Ideally I wanted 2 IP’s per node, as from reading best practice they say if a node fails, it’s better
Nick,
Sorry for the delay. I haven’t been in the plumbing of my blog for a little while. Also, keep in mind that I no longer work for EMC.
SmartConnect IPs:
As far as an IP count goes… The typical recommendation for a SmartConnect Zone is Node Count X (Node Count – 1) or N(N-1). In a 6 node configuration, for any SmartConnect Zone, you’d then want 6(6-1) or 6×5 IP addresses. That is 30 IP addresses. The reasoning is… If you have 6 nodes, all servicing 5 IPs each (and balanced), in the event of maintenance (or a failure), the remaining 5 nodes would service 6 IPs. Basically an equal distribution. That’s one part of the conversation.
vSphere Datastores:
Keep in mind that upon boot up, vSphere is going to “ask” the SmartConnect Service IP (via DNS Delegation) for an IP address for a SmartConnect Zone that a datastore is mounted from. For each SmartConnect Zone name/FQDN/Short name, a single IP will be resolved. So 6 datastores using the same SmartConnect Zone Naming, will all use the same IP. The only way around this, is to use different SmartConnect Zones for each different datastore. You can use wildcards to make things easier in the DNS delegation. For example, you could have isi.domain.local as the DNS delegation, and SmartConnect Zone names of ds1.isi.domain.local and ds2.isi.domain.local resolved by the SmartConnect Serivce IP. Not an issue. Makes it easier than having to perform multiple DNS Delegations. That’s another part of the conversation.
Connection Policy:
Connection policy is what determines the distribution of IPs across nodes in the SmartConnect Zone. Round Robin is the default, and Connection Count, Network Throughput, & CPU Utilization are additional choices if you’ve licensed SmartConnect Advanced. Connection count often distributes IPs evenly, but I’ve heard of cases where it didn’t. Such is your case. For that, I’d recommend escalating to EMC Support.

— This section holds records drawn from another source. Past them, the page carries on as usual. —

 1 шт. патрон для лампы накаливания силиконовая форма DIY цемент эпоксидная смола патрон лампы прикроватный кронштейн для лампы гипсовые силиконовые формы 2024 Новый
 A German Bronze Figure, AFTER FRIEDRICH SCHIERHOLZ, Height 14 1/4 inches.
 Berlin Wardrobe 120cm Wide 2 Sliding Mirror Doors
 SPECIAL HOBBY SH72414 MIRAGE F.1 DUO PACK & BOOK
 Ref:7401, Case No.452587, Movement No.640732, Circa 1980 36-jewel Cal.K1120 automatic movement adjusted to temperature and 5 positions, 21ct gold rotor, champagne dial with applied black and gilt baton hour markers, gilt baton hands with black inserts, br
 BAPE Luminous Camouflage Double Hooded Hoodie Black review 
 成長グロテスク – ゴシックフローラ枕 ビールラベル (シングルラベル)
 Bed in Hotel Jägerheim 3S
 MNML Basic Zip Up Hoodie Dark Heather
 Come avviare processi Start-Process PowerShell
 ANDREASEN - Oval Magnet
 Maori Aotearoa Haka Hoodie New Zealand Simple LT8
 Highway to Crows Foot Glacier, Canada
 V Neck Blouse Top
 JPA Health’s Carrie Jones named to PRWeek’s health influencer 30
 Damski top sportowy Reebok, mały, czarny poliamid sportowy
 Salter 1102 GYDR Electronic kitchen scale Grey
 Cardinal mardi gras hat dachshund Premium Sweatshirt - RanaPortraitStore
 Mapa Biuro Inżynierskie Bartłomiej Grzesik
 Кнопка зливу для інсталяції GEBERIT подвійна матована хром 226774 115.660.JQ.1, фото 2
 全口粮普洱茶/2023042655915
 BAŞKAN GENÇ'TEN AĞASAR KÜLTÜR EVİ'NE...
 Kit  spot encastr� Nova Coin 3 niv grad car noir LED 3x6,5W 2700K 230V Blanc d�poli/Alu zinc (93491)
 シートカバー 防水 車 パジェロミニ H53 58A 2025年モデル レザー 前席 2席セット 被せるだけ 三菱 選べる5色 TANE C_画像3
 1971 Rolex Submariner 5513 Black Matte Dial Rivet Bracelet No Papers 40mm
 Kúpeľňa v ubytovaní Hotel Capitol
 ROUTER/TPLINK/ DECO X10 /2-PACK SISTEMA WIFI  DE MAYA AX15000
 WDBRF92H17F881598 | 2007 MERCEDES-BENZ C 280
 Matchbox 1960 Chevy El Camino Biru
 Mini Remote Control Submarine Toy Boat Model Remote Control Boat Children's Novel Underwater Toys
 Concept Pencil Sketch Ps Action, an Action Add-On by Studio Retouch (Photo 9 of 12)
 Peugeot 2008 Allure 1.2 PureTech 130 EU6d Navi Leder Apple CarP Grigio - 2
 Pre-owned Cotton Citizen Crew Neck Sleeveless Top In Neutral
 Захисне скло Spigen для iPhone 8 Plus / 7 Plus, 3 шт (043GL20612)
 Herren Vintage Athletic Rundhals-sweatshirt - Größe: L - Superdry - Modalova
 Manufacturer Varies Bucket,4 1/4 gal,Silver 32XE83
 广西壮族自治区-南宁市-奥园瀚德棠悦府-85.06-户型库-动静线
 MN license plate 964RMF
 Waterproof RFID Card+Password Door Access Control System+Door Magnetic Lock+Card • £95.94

Thinking a little outside of the box, you don’t necessarily have to use all connections/nodes in each SmartConnect Zone. You could use 3 nodes for one zone (front end connectivity that is), and 3 nodes for another. So ds1.isi.domain.local, could use nodes1,3,5 for connectivity to vSphere, and ds2.isi.domain.local could use nodes 2,4,6 for connectivity to vSphere (or any combination thereof). You could conceivably present one connection from each node to ds1.isi.domain.local, and the other from ds2.isi.domain.local. Datastore1 would then only connect on one side of a node, and Datastore2 only on the other side of a node. There are many ways to carve things up.
The challenge that you’ll continually encounter, is when the SmartConnect Zone Connection Policy decides to move an IP. If this isn’t set to automatically move an IP, then when that IP goes offline, you’ve dropped a connection. You don’t want that. As a result, you’ll have to watch the distribution of IPs on a semi regular basis. It is just the nature of the beast with Dynamic Distribution of IPs in SmartConnect.
What I’m saying, is that you can be very creative in how to present node connections, relative to SmartConnect Zones, to “finagle” a better distribution of datastore paths to datastores. But you will have to keep an eye on it.
@Nick
Whoops, ignore the 2 paragraphs at the end… copy and past typo!